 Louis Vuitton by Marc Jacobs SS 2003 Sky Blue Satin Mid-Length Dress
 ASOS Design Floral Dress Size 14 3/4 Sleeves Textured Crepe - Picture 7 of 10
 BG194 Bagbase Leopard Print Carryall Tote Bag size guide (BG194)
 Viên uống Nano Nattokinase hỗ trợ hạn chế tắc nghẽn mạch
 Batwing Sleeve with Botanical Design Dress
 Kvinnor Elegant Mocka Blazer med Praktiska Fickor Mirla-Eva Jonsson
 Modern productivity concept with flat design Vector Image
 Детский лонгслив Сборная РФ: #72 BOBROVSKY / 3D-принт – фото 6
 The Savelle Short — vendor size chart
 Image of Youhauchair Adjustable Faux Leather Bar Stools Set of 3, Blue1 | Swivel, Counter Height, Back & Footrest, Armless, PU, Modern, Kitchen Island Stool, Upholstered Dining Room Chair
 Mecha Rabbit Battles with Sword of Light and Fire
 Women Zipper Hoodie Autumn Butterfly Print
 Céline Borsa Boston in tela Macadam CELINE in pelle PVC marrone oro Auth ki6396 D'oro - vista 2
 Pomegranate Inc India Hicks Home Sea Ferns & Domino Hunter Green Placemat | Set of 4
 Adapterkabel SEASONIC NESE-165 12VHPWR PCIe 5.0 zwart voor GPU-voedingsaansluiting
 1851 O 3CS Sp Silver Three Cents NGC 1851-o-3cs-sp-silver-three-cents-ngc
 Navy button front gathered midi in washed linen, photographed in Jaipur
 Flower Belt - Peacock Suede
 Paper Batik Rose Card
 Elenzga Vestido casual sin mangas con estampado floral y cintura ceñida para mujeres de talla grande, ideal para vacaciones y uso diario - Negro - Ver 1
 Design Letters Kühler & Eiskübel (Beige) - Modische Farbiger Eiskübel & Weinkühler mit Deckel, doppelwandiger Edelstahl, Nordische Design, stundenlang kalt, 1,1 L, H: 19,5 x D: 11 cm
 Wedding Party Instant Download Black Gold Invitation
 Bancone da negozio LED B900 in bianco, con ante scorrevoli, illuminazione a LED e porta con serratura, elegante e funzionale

::::::

◆ **What the task asks**:
All records are to be retyped exactly. None may be omitted.

◆ **Answer space**:
 Louis Vuitton by Marc Jacobs SS 2003 Sky Blue Satin Mid-Length Dress
 ASOS Design Floral Dress Size 14 3/4 Sleeves Textured Crepe - Picture 7 of 10
 BG194 Bagbase Leopard Print Carryall Tote Bag size guide (BG194)
 Viên uống Nano Nattokinase hỗ trợ hạn chế tắc nghẽn mạch
 Batwing Sleeve with Botanical Design Dress
 Kvinnor Elegant Mocka Blazer med Praktiska Fickor Mirla-Eva Jonsson
 Modern productivity concept with flat design Vector Image
 Детский лонгслив Сборная РФ: #72 BOBROVSKY / 3D-принт – фото 6
 The Savelle Short — vendor size chart
 Image of Youhauchair Adjustable Faux Leather Bar Stools Set of 3, Blue1 | Swivel, Counter Height, Back & Footrest, Armless, PU, Modern, Kitchen Island Stool, Upholstered Dining Room Chair
 Mecha Rabbit Battles with Sword of Light and Fire
 Women Zipper Hoodie Autumn Butterfly Print
 Céline Borsa Boston in tela Macadam CELINE in pelle PVC marrone oro Auth ki6396 D'oro - vista 2
 Pomegranate Inc India Hicks Home Sea Ferns & Domino Hunter Green Placemat | Set of 4
 Adapterkabel SEASONIC NESE-165 12VHPWR PCIe 5.0 zwart voor GPU-voedingsaansluiting
 1851 O 3CS Sp Silver Three Cents NGC 1851-o-3cs-sp-silver-three-cents-ngc
 Navy button front gathered midi in washed linen, photographed in Jaipur
 Flower Belt - Peacock Suede
 Paper Batik Rose Card
 Elenzga Vestido casual sin mangas con estampado floral y cintura ceñida para mujeres de talla grande, ideal para vacaciones y uso diario - Negro - Ver 1
 Design Letters Kühler & Eiskübel (Beige) - Modische Farbiger Eiskübel & Weinkühler mit Deckel, doppelwandiger Edelstahl, Nordische Design, stundenlang kalt, 1,1 L, H: 19,5 x D: 11 cm
 Wedding Party Instant Download Black Gold Invitation
 Bancone da negozio LED B900 in bianco, con ante scorrevoli, illuminazione a LED e porta con serratura, elegante e funzionale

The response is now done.